Exercise details
Copy exactly the lines of the data below that run from the line holding "Zoete aardappel pastei" through the line holding "INFLATION（インフレ", both ends included.

Stored items from a collection:

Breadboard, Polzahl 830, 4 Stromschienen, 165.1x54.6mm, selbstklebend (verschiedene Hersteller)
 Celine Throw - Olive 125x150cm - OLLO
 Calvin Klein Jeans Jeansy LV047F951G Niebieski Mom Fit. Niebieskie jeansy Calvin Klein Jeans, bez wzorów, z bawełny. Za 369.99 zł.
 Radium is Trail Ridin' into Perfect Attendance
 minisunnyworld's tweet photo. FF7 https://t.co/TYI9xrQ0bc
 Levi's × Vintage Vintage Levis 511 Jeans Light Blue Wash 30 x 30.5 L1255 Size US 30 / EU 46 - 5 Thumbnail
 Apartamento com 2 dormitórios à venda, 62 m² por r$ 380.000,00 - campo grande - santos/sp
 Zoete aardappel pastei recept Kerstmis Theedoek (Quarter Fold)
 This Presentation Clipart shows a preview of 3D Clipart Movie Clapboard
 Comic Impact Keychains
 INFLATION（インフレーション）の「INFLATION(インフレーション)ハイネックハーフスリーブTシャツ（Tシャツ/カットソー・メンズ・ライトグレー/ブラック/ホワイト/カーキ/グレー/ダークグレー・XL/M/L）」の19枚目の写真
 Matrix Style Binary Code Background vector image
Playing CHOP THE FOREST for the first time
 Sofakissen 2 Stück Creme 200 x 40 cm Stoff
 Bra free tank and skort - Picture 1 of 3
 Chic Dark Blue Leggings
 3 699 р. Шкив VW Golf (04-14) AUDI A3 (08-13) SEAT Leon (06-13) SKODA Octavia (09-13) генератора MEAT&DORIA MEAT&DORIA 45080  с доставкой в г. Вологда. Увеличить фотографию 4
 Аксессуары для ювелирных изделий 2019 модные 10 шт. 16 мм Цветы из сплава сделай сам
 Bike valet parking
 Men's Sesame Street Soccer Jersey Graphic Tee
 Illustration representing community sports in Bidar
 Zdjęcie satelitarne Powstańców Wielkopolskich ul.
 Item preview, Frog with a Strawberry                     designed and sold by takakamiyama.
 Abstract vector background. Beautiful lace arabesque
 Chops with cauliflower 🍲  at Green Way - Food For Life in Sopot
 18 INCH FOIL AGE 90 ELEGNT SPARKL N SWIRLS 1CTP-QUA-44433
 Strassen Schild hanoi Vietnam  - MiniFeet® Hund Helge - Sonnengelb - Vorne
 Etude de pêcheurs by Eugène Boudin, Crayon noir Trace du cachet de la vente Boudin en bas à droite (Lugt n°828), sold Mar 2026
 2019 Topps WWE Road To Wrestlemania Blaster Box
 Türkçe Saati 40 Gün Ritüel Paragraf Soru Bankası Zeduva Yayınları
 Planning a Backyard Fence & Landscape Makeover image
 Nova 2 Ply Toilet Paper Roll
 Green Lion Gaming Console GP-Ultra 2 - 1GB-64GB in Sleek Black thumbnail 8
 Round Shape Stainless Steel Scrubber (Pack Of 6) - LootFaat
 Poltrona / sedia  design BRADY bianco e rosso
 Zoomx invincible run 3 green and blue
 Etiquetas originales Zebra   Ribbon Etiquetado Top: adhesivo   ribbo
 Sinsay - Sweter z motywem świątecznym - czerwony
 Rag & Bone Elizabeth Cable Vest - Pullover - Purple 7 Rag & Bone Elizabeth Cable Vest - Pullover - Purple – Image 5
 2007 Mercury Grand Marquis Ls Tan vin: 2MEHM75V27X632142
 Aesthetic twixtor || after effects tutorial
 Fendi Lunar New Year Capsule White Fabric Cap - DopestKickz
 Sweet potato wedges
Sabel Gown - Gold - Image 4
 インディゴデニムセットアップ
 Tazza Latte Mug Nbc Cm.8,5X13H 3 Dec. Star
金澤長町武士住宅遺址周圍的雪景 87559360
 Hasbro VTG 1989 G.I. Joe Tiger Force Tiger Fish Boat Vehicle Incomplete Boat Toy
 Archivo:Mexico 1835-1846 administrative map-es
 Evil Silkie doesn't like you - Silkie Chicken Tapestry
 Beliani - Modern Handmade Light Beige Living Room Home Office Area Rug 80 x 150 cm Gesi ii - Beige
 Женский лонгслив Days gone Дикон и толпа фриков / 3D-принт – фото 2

Task output
 Zoete aardappel pastei recept Kerstmis Theedoek (Quarter Fold)
 This Presentation Clipart shows a preview of 3D Clipart Movie Clapboard
 Comic Impact Keychains
 INFLATION（インフレーション）の「INFLATION(インフレーション)ハイネックハーフスリーブTシャツ（Tシャツ/カットソー・メンズ・ライトグレー/ブラック/ホワイト/カーキ/グレー/ダークグレー・XL/M/L）」の19枚目の写真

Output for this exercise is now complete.